Former U.P. President Jose V. Abueva was emphatic that that the recognition of the Bangsamoro as a united Muslim ethno-linguistic-cultural community and a distinctive political entity is a great historic achievement.

It recognizes the Moro self-identity and the unity of Muslim Filipinos who also belong to various ethnic communities, such as the Maranao, Maguindanao, Tausug, etc. and compete with, and even fight, each other.” By self-ascription, the non-Muslim lumad or indigenous peoples in contiguous areas in the Autonomous Region in Muslim Mindanao will also form part of the Bangsamoro and are to be guaranteed their ancestral land and their rights as indigenous peoples.

 Abueva’s satisfaction is that we should anyway be going in the same Federal direction pointed out by the Bangsamoro achievement. To him, “the reality is that our republic is made up of various ‘bangsa,’ each comprising distinctive ethno-linguistic-cultural communities and political, economic and social structures that have their own identities.” The Philippines has a “Bangsa-Iloco, a Bangsa-Cordillera, a Bangsa-Tagalo, a Bangsa-Bikol, a Bangsa-Bisaya, a Bangsa-Ilongo, a Bangsa-Waray, and a number of ‘bangsa’ in Mindanao. These ethno-linguistic-cultural and political communities happen to coincide with some of the existing administrative regions in our highly centralized unitary system.”

In the darkest years of martial law some activists used to quip that we should all secede from the Philippines anyway. Now they are saying we should struggle for the same autonomy or quasi-independence outlined in the comprehensive agreement on Bangsamoro – without the latter’s long history of struggle and warfare? In fact, it is quite likely that these last chapters of the MILF struggle may be the most difficult for them – the congressional, the judicial and the electoral. They may realize once again that the Philippine oligarchy is a much worse enemy than any foreign invader. Didn’t their predecessors many times in the past – not too long ago – prefer the American colonizer to imperial Manila?
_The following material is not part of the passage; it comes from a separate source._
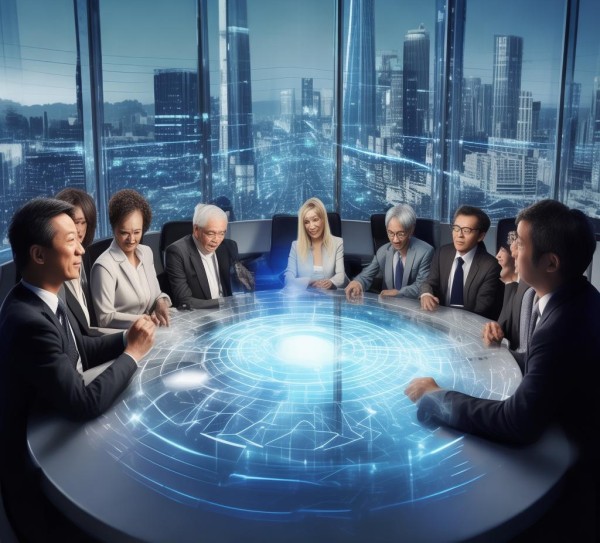 如何在创新与责任中引领中国企业新时代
Abueva again: “What is good for the Moros is good for all other Filipinos nationwide! The proposed Bangsamoro is a most welcome model for the fundamental reform of our unitary system, under which our administrative regions of differing ethno-linguistic-cultural and political communities gravely suffer from the lack of powers, authority, and resources as poor dependents of the national government in Imperial Manila.”

If, indeed, the CAB will push through, as hoped for, then we will see an experiment in the ministerial (parliamentary) federal form of government in an incipient stage. But before all that, we may have to be forced at last to go for honest-to-goodness constitutional change. The euphoria of this year’s peace agreement should not wane too fast – but neither should a healthy political realism be thrown out the window. The task is to adopt an illusionless persistence in what is right and good for all. FINIS.